The output would look something like this:
[{text,"hello"}]
That proplist is handed off to Solr, and the value "hello"
would be indexed under the fieldname text
.
Custom Binary Extractor
Back to our example of parsing a binary HTTP header packet; Erlang luckily comes with a standard packet decoder that happens to handle HTTP packets:
erlang:decode_packet(http,<<"GET http://www.google.com HTTP/1.1\n">>,[]).
That snippet should return something like this:
{ok,{http_request,'GET',
{absoluteURI,http,"www.google.com",undefined,"/"},
{1,1}},
<<>>}
The relevant bits to an application that needed to search these packets are probably the Method (GET
), the Host (www.google.com
), and the Uri (/
).
Using the text extractor as an example, our custom extractor should look similar to this if we want to index those 3 fields:
yz_httpheader_extractor.erl
-module(yz_httpheader_extractor).
-compile(export_all).
extract(Value) ->
extract(Value, []).
extract(Value, _Opts) ->
{ok,{http_request,Method,
{absoluteURI,http,Host,undefined,Uri},
_Version},
_Rest} = erlang:decode_packet(http,Value,[]),
[{method, Method}, {host, list_to_binary(Host)}, {uri, list_to_binary(Uri)}].
Register the Custom Extractor
Writing the extractor was simple enough, but in order for it to be utilized by Riak Search, a few steps need to be taken:
Compile the Extractor
Firstly we’ll need to compile the extractor into a beam
file and distribute it to a path that we can remember on each Riak node.
erlc yz_httpheader_extractor.erl
Move the resulting beam file to a directory like /opt/beams
mv yz_httpheader_extractor.beam /opt/beams/
Configure Riak
We’ll need to tell Riak where to find the new beam file. This cannot currently be done using riak.conf
, but there is a workaround if you create a file called advanced.config
in the same directory as your riak.conf
/etc/riak/advanced.config
[{vm_args, [{"-pa /opt/beams",""}]}].
This vm.args directive tells Riak to add /opt/beams
to the erlang path when starting Riak up.
Register the Extractor in Riak
riak start
riak attach
This should log into the running Riak node allowing us to run the register function in yz_extractor
:
(riak@127.0.0.1)1> yz_extractor:register("application/httpheader", yz_httpheader_extractor).

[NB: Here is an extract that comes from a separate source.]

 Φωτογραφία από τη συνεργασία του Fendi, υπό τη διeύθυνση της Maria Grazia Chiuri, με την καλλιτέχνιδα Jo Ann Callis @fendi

The register call should return the updated list of mimetype -> extractor mappings. It should look something like this:
[{default,yz_noop_extractor},
{"application/httpheader",yz_httpheader_extractor},
{"application/json",yz_json_extractor},
{"application/riak_counter",yz_dt_extractor},
{"application/riak_map",yz_dt_extractor},
{"application/riak_set",yz_dt_extractor},
{"application/xml",yz_xml_extractor},
{"text/plain",yz_text_extractor},
{"text/xml",yz_xml_extractor}]
Now, any new documents submitted to yokozuna with the content type application/httpheader
should be run through the new extractor.
The new extractor can be verified using the yokozuna extract
endpoint:
Create a file called testdata.bin
testdata.bin
GET http://www.google.com HTTP/1.1
(Note the trailing newline at the end)
Now run a PUT
to the extract endpoint:
curl -XPUT -H 'content-type: application/httpheader' 'http://localhost:8098/search/extract' --data-binary "@testdata.bin"
That curl call should return this JSON:
{"method":"GET","host":"www.google.com","uri":"/"}
The new extractor can also be verified in the Riak console:
(riak@127.0.0.1)1> yz_extractor:run(<<"GET http://www.google.com HTTP/1.1\n">>, yz_httpheader_extractor).
Which should return
[{method,'GET'},{host,<<"www.google.com">>},{uri,<<"/">>}]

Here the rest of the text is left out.